Problem statement: If any record holds an image, omit the image and print the rest exactly.
........
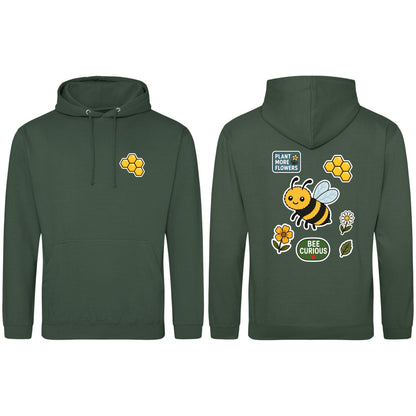 Bee Curious Adult Hoodie - Badges of the Wild Bottle Green colour variant image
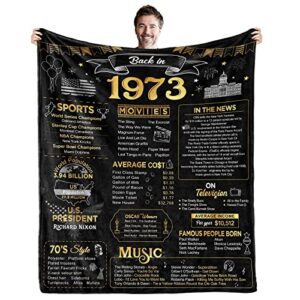 50th birthday gifts for women men 2023 happy 50 year old birthday decorations for her him back in 1973 blanket to husband wife dad mom 50th birthday gift ideas cheers to 50 years present throw 60"x50"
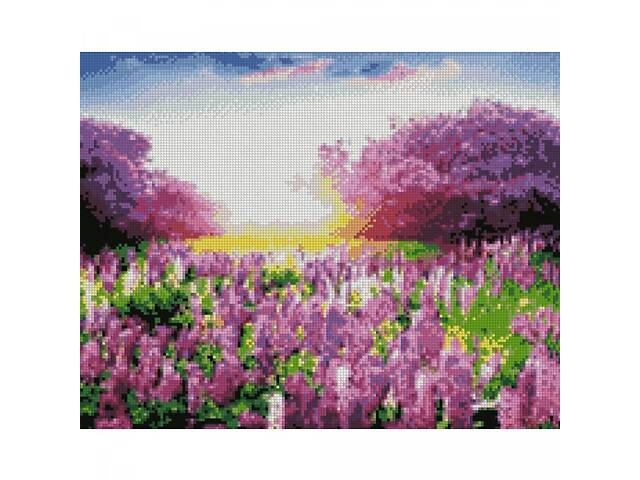 Алмазная вышивка Strateg Поле фиолетовых цветов 40х50 см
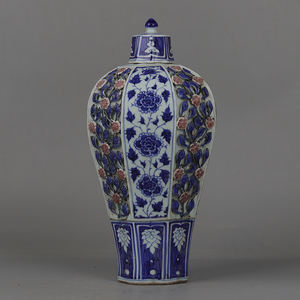 Antiguidade chinês yuan dynasty azul e branco flor octogonal padrão vaso de cerâmica jarra de gengibre - Product Image 3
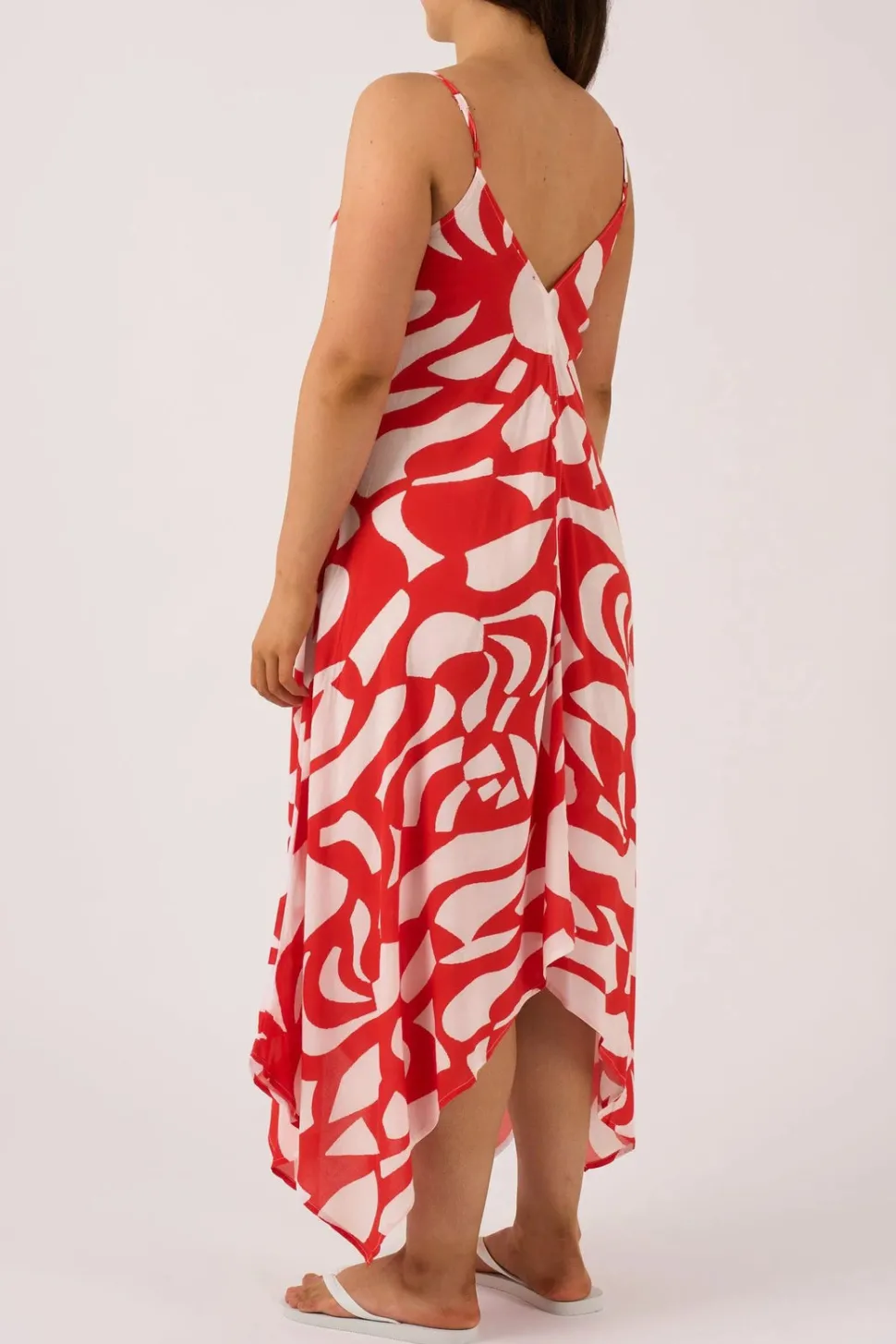 Sustainable Viscose Hanky Hem Dress - Red Geo Waves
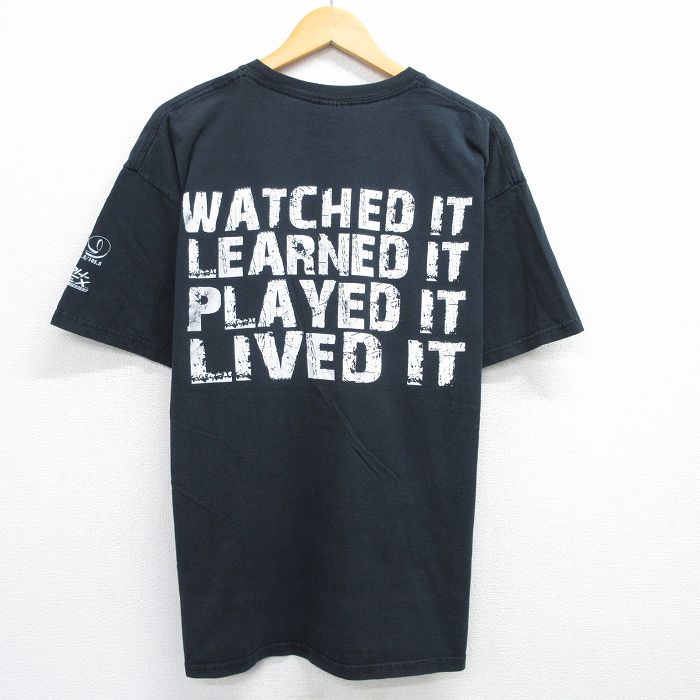XL★古着 半袖 ビンテージ Tシャツ メンズ 00年代 00s LAXAPALOOZA 大きいサイズ コットン クルーネック 黒 ブラック 25may15 中古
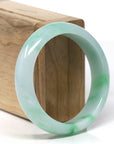 High-End Natural Vibrant Apple-Green Jadeite Jade "Half Round" Bangle Bracelet (56.8mm) 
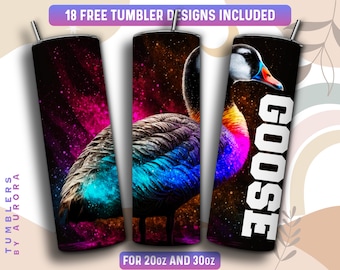 Goose Tumbler Wrap PNG, Goose 20 oz Skinny Tumbler Sublimation Design, Instant Download (+101 free Designs)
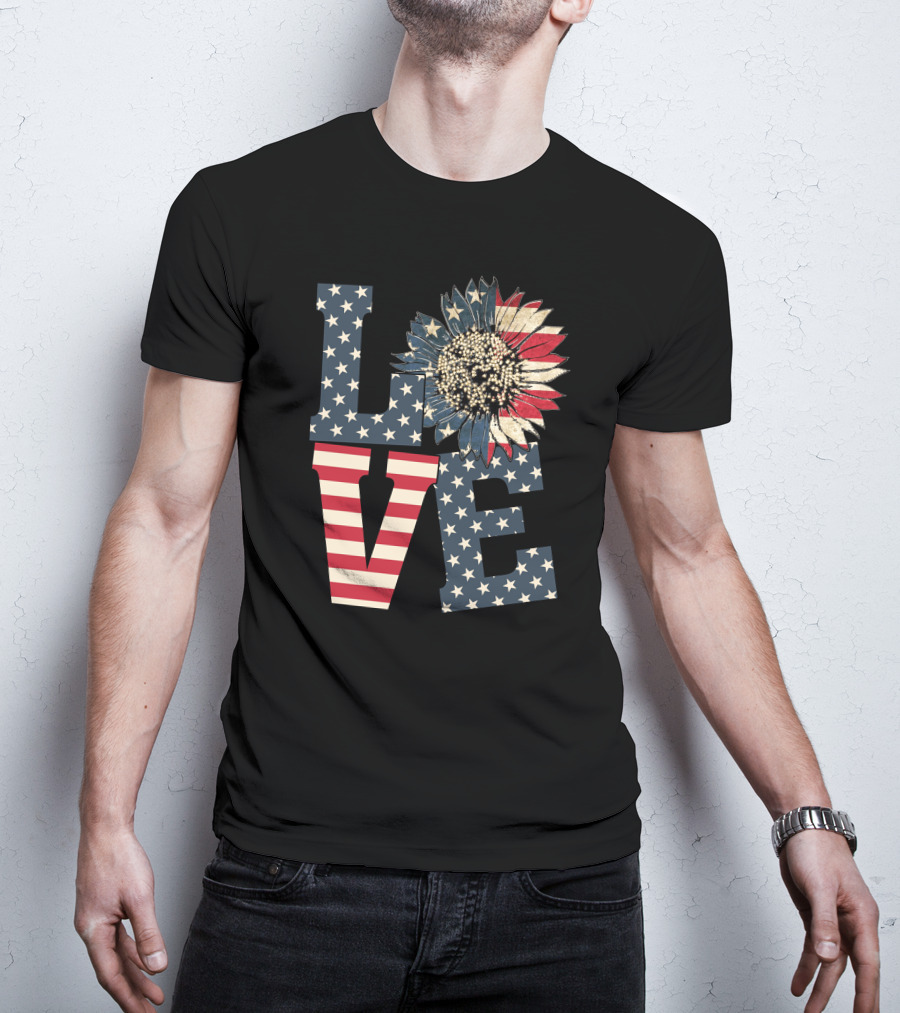 Sunflower Love American Flag Stars And Stripes Flower T-Shirt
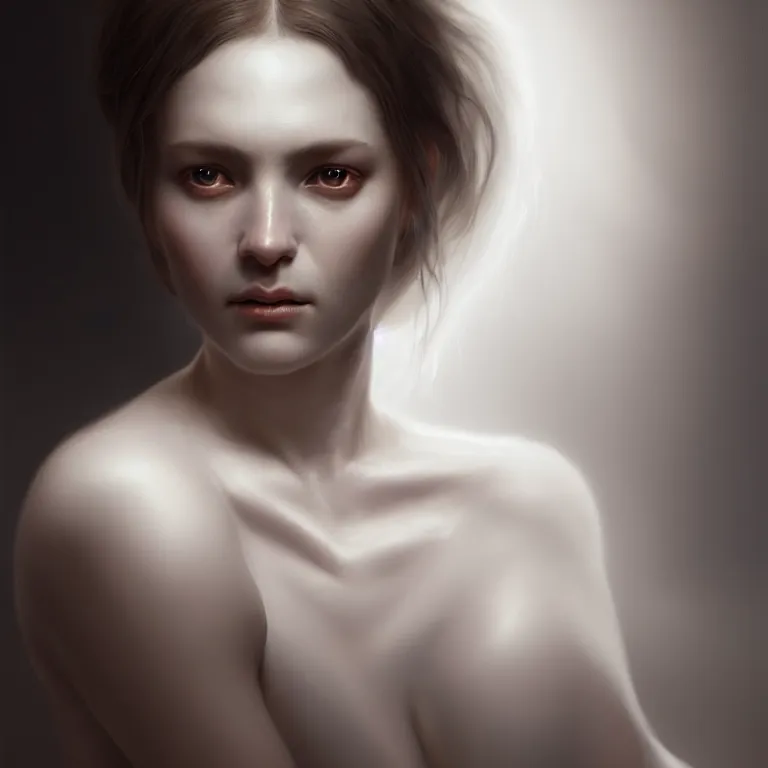 Image similar to a wonderful realistic portrait of a lonely woman with a detailed wonderful face who is dressed with a wonderful, majestic, large semi transparent white cotton dress, accent white lighting, dramatic light, octane render by roberto ferri, fantasy art, photo realistic, dynamic lighting, unreal engine rendered, artstation, poster, dramatic light, - 8 k, award winning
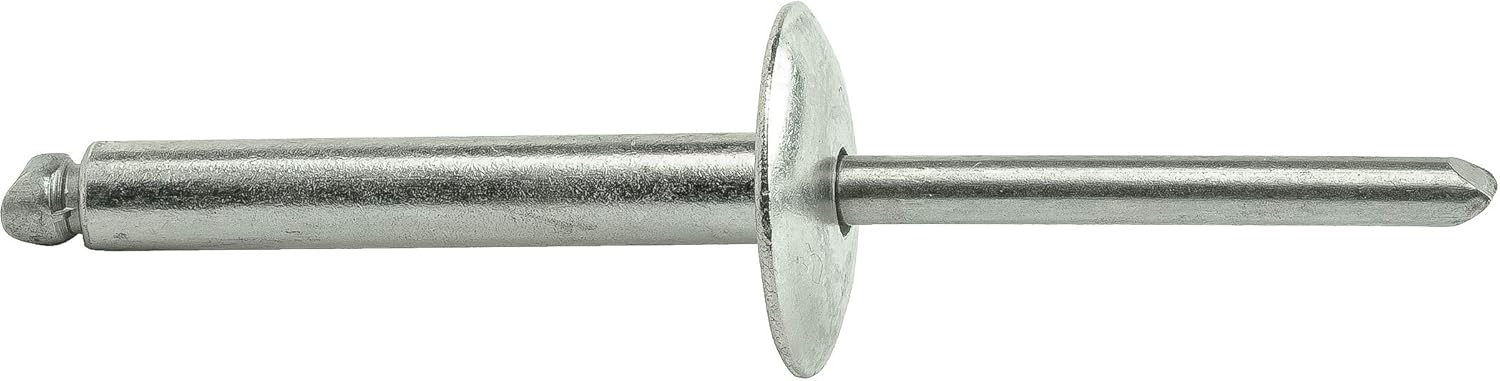 Fastenere Large Flange Pop Rivets - 3/16" x 1" (25 Pack) Heavy Duty, Stainless Steel Blind Rivets, Open End 6-16 Grip Range .876" - 1.00", Corrosion Resistant, High Tensile & Shear Strength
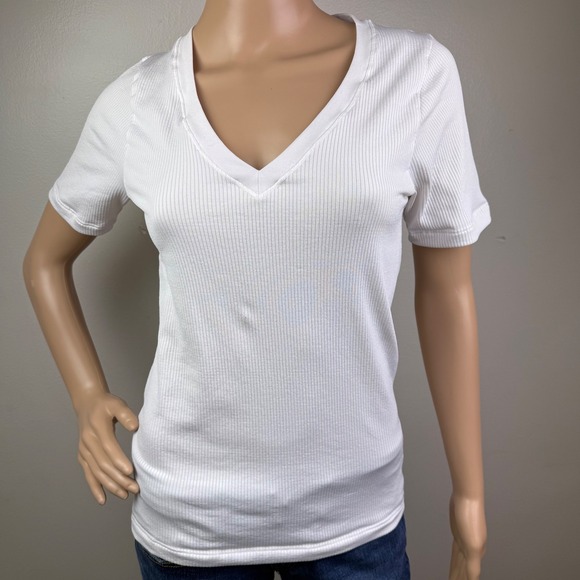 Athleta Tops - Athleta Ribbed V‑Neck Short Sleeve T‑Shirt Womens M White Soft Stretch Top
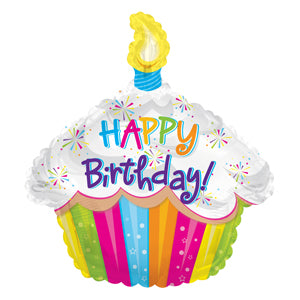 Happy Birthday Cupcake Air-Filled Stick Balloon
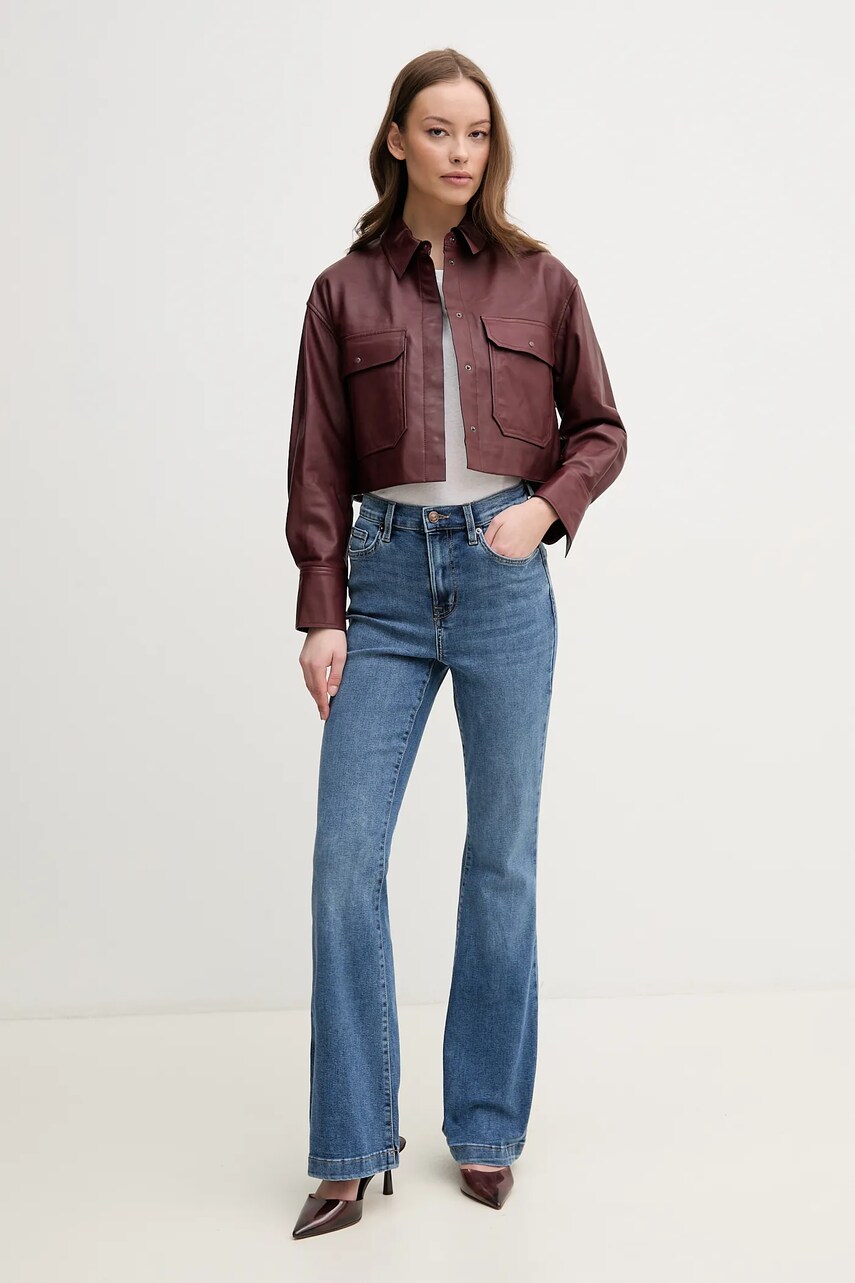 Шкіряна куртка Pedro del Hierro жіноча колір бордовий перехідна oversize 5499137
........
Written answer:
 Bee Curious Adult Hoodie - Badges of the Wild Bottle Green colour variant image
 50th birthday gifts for women men 2023 happy 50 year old birthday decorations for her him back in 1973 blanket to husband wife dad mom 50th birthday gift ideas cheers to 50 years present throw 60"x50"
 Алмазная вышивка Strateg Поле фиолетовых цветов 40х50 см
 Antiguidade chinês yuan dynasty azul e branco flor octogonal padrão vaso de cerâmica jarra de gengibre - Product Image 3
 Sustainable Viscose Hanky Hem Dress - Red Geo Waves
XL★古着 半袖 ビンテージ Tシャツ メンズ 00年代 00s LAXAPALOOZA 大きいサイズ コットン クルーネック 黒 ブラック 25may15 中古
 High-End Natural Vibrant Apple-Green Jadeite Jade "Half Round" Bangle Bracelet (56.8mm) 
 Goose Tumbler Wrap PNG, Goose 20 oz Skinny Tumbler Sublimation Design, Instant Download (+101 free Designs)
 Sunflower Love American Flag Stars And Stripes Flower T-Shirt
 Image similar to a wonderful realistic portrait of a lonely woman with a detailed wonderful face who is dressed with a wonderful, majestic, large semi transparent white cotton dress, accent white lighting, dramatic light, octane render by roberto ferri, fantasy art, photo realistic, dynamic lighting, unreal engine rendered, artstation, poster, dramatic light, - 8 k, award winning
 Fastenere Large Flange Pop Rivets - 3/16" x 1" (25 Pack) Heavy Duty, Stainless Steel Blind Rivets, Open End 6-16 Grip Range .876" - 1.00", Corrosion Resistant, High Tensile & Shear Strength
 Athleta Tops - Athleta Ribbed V‑Neck Short Sleeve T‑Shirt Womens M White Soft Stretch Top
 Happy Birthday Cupcake Air-Filled Stick Balloon
 Шкіряна куртка Pedro del Hierro жіноча колір бордовий перехідна oversize 5499137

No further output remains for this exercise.